Entertainment Value: This was the first feature directed by Samuel Fuller and while it might not be one of his best, it shows great potential and makes an interesting debut, to be sure. The narrative is a well known one, but I Shot Jesse James never feels like a retread in the least and instead, takes a personal, intimate approach to the storyline. The focus is on Robert Ford as he faces the consequences of his actions, which provides some interesting moments for us to watch, since he believes his choice was for the right reasons, even if it wasn’t an ethical decision. The inner conflict unfolds in believable, grounded ways, with the movie careful to not veer into over the top melodrama, so the atmosphere is authentic and it is easy to lose yourself in the experience. The various ways his actions have impacted others is also explored, often in very direct ways and the writing handles those sequences well. I found this to be an engaging and always interesting picture, well worth a look.
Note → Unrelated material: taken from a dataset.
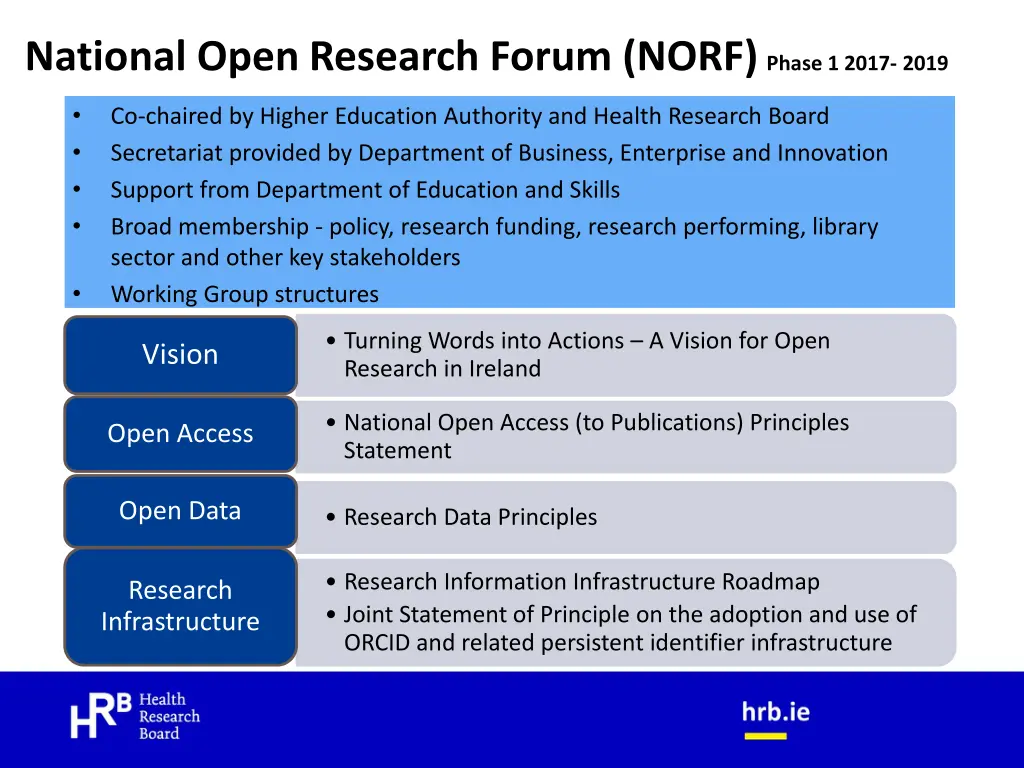 national open research forum norf phase 1 2017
The cast here is a talented ensemble, with John Ireland in the central role and he carries off the role very well. I appreciated how he was able to bring across subtle, controlled emotion in Ford, showing the inner conflict without being overly dramatic. The slow burn of his character’s arc plays out so well thanks to Ireland’s performance, turning up the heat at a consistent pace that feels realistic and with this kind of emotion involved, that’s no small task. As he crosses certain thresholds after certain encounters, you can see him slowly unwind Ford’s mind, especially in the bar scene with the traveling musician and his face off with Kelley. Ireland is terrific here and bounces off his costars with skill as well, with the cast overall bringing the best out in each other. Barbara Britton also has a memorable turn in this one, again showing just the right emotional evolution with her character. The cast also includes Preston Foster, Reed Hadley, and Victor Kilian.